Ich habe wirklich schon viele historische Romane gelesen, manche beinhalteten nur das nötigste an historischen Fakten, Ereignissen und Personen, andere haben richtiges Wissen vermittelt. Aber noch nie habe ich ein Buch gelesen, was so viel lehrreichen Input liefert. Man hätte hier nie die Chance einzelne Stellen querzulesen, weil einfach ständig etwas passiert und man mit neuen Fakten versorgt wird. Das ist auf der einen Seite super interessant, auf der anderen Seite kann man dann auch nicht so viel an einem Stück lesen, da einem sonst der Kopf brummt. Trotzdem, liebe Frau Weigand, ich begeistert, wieviel Sie recherchiert haben, wie viele Fakten Sie aufgenommen haben und wie toll Sie das alles in diesem Roman umgesetzt haben.

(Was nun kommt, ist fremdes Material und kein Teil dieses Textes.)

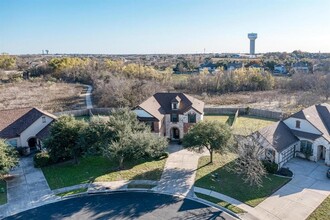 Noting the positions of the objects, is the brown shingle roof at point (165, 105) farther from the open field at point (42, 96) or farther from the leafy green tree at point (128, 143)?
the open field at point (42, 96)

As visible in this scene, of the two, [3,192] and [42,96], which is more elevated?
[42,96]

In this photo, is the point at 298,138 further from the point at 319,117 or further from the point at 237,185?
the point at 237,185

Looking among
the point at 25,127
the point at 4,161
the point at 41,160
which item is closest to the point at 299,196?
the point at 41,160

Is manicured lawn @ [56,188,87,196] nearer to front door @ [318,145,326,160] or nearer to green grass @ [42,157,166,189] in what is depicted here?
green grass @ [42,157,166,189]

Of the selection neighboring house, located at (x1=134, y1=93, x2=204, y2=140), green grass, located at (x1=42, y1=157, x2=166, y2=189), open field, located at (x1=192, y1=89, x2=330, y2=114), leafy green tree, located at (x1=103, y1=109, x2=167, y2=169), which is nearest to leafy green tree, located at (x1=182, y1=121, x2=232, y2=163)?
leafy green tree, located at (x1=103, y1=109, x2=167, y2=169)

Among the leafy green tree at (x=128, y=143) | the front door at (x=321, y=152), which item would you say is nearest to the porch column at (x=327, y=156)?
the front door at (x=321, y=152)

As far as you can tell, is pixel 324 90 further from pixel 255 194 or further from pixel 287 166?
pixel 255 194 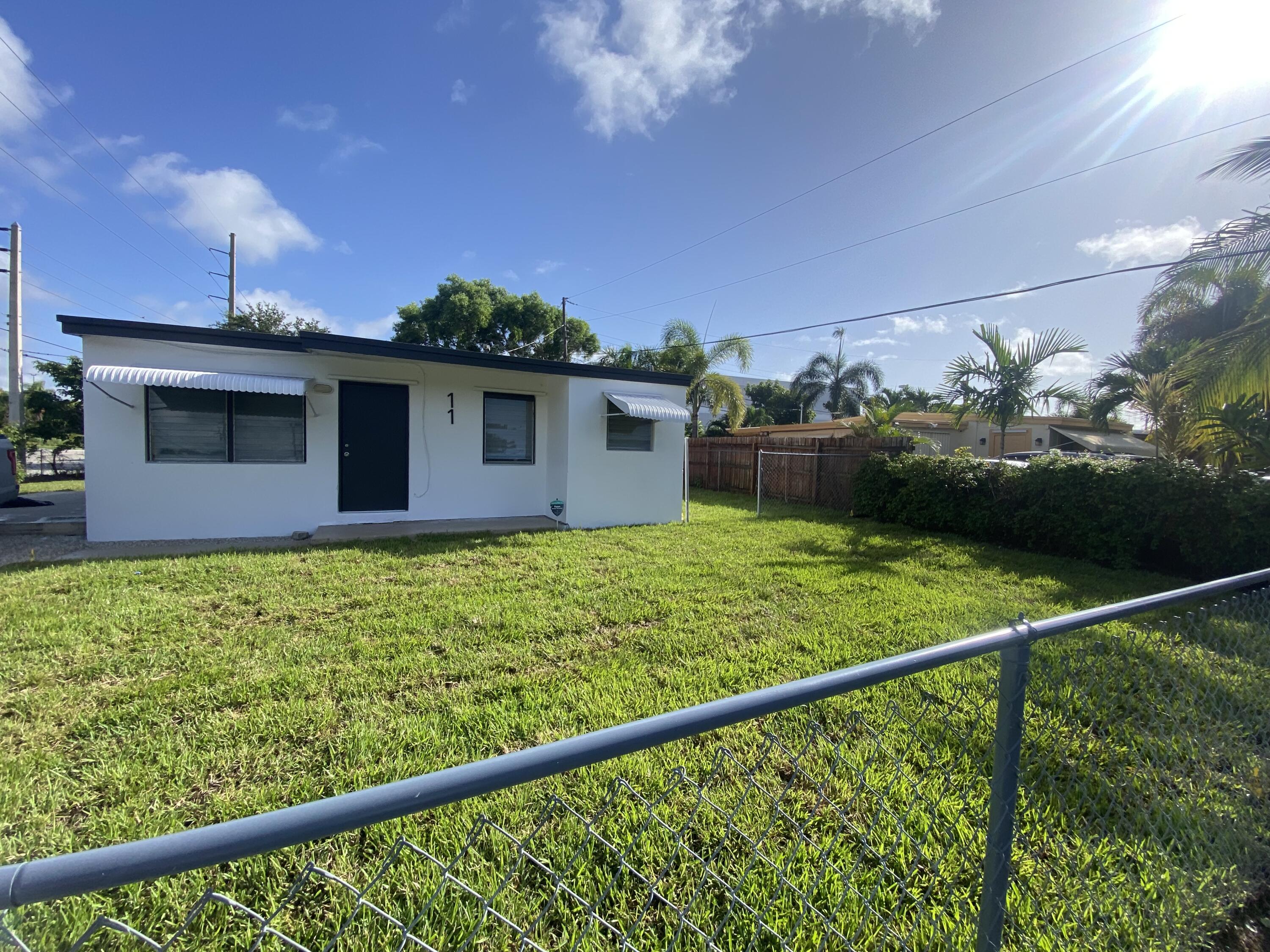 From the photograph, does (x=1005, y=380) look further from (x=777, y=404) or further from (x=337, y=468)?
(x=777, y=404)

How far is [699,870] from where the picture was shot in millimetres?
2080

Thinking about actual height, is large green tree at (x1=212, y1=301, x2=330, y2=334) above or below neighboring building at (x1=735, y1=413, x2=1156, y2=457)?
above

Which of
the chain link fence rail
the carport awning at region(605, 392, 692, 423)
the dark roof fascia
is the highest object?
the dark roof fascia

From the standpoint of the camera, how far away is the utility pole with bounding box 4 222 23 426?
1310 centimetres

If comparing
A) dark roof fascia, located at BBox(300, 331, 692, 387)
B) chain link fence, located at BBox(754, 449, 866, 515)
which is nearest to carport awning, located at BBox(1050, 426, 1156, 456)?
chain link fence, located at BBox(754, 449, 866, 515)

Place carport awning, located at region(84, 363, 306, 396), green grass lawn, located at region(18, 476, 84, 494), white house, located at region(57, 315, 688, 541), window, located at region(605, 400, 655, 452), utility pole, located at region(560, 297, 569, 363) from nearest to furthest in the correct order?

Respekt!
Dadurch kann ich dieses Buch allerdings nicht empfehlen, wenn man Neuling in diesem Genre ist, denn das dürfte einige abschrecken. Ich fand es toll!!!

Der Schreibstil hat mir gut gefallen, aber ich hatte meine Probleme mit dem Präsens. Auf der Homepage der Autorin kann dazu folgendes nachlesen: “Wenn alles in der Gegenwart spielt, ist man als Autor – und ich hoffe, auch als Leser – mittendrin im Geschehen. Das zieht einen richtiggehend in die Geschichte hinein.” Ich fand das Präsens eher ungewohnt und musste mich erst mal umgewöhnen, da es doch eher selten verwendet wird. Für mich ist der Erzählmodus egal, wenn es darum geht in die Geschichte einzutauchen. Das hängt ganz allein vom Schreibstil und den Beschreibungen ab. Gerade in den Hemma-Passagen konnte ich alles um mich herum vergessen.

Ich freue mich, dass ich noch drei weitere Bücher der Autorin zu Hause habe und die warten jetzt nur darauf von mir gelesen zu werden. Schade, dass ich die Autorin erst so spät entdeckt habe, dabei kommt sie aus meiner zweiten Heimat – Franken.

Fazit

Ein mitreißendes Buch über Konstanze von Sizilien und die Stauferdynastie. Sabine Weigand hat sehr ausführlich recherchiert und sie überzeugt mit einem tollen Schreibstil.